Datavault-UK / automate-dv

A free to use dbt package for creating and loading Data Vault 2.0 compliant Data Warehouses (powered by dbt, an open source data engineering tool, registered trademark of dbt Labs)
https://www.automate-dv.com
Apache License 2.0
511 stars 131 forks source link

[FEATURE] Support Athena Adapter #251

Open GabrielEisenbergOlympus opened 1 month ago

GabrielEisenbergOlympus commented 1 month ago

Is your feature request related to a problem? Please describe. I am using the dbt-athena adapter which was recently taken over by dbt-labs and was announced as being GA. AutomateDV complains that it does not have the three following macros:

  1. athena__cast_date
  2. athena__cast_datetime
  3. athena__get_escape_characters

Describe the solution you'd like Add these macros to the project. They seem relatively easy to add. As I am new to the project, I might be missing the nuances and complexities of adding a new adapter.

Describe alternatives you've considered None

Additional context The Athena escape character is a double quote.

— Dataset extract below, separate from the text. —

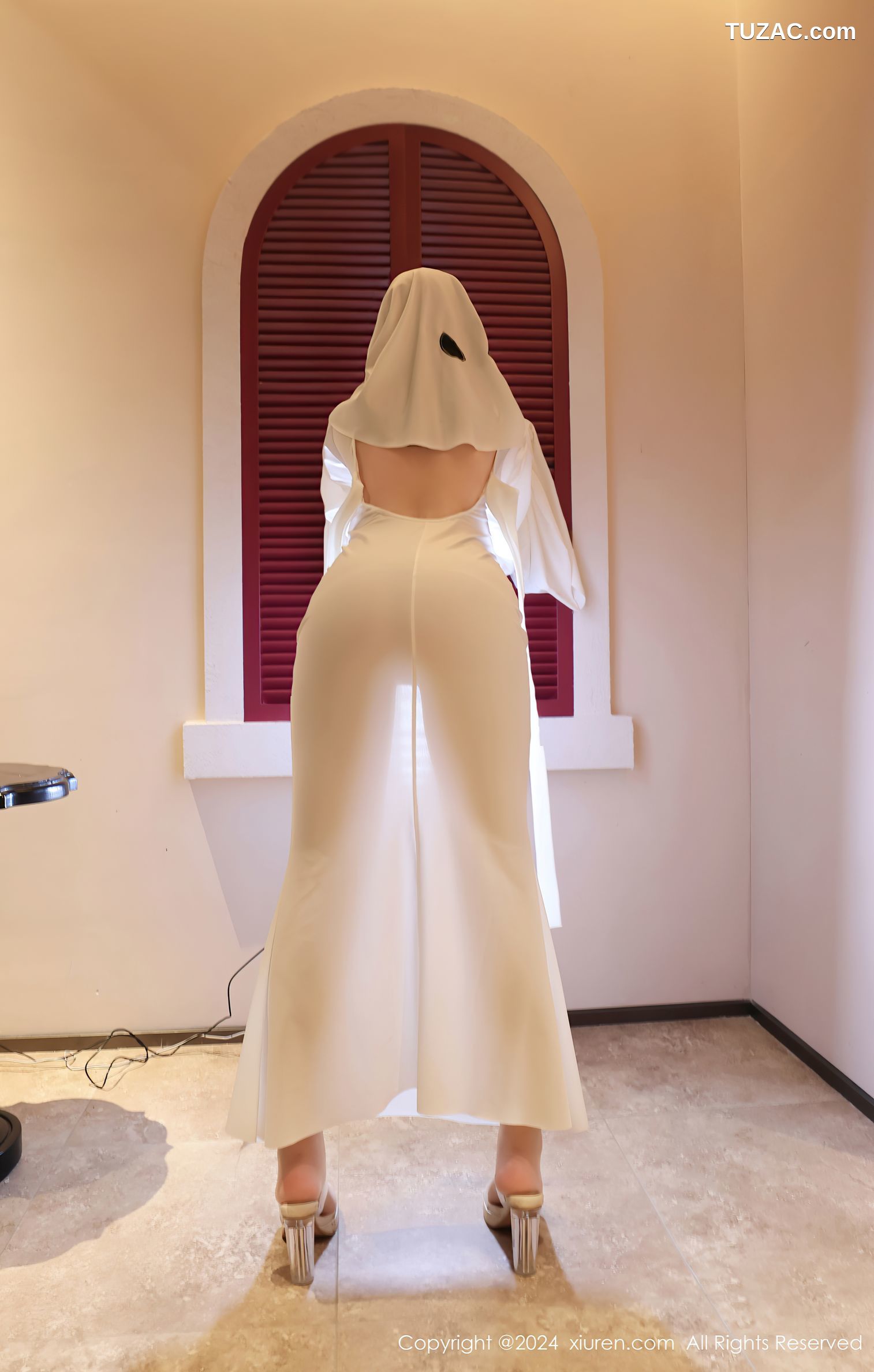 XiuRen秀人网-9376-小薯条nienie-万圣节俏皮cos爆乳-2024.10.31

The casting can be done along the lines of:

date(date_parse('2022-10-20', '%Y-%m-%d'))
date_parse('2022-10-20 05:00:01', '%Y-%m-%d %h:%i:%s')
from_iso8601_timestamp('2022-10-20T05:00:01.000Z')

I'm waiting on approval to contribute back but if someone can do this sooner than later, please feel free! 😄

GabrielEisenbergOlympus commented 1 month ago

As an attempt I did the following. Obviously, feel free to modify/correct the code.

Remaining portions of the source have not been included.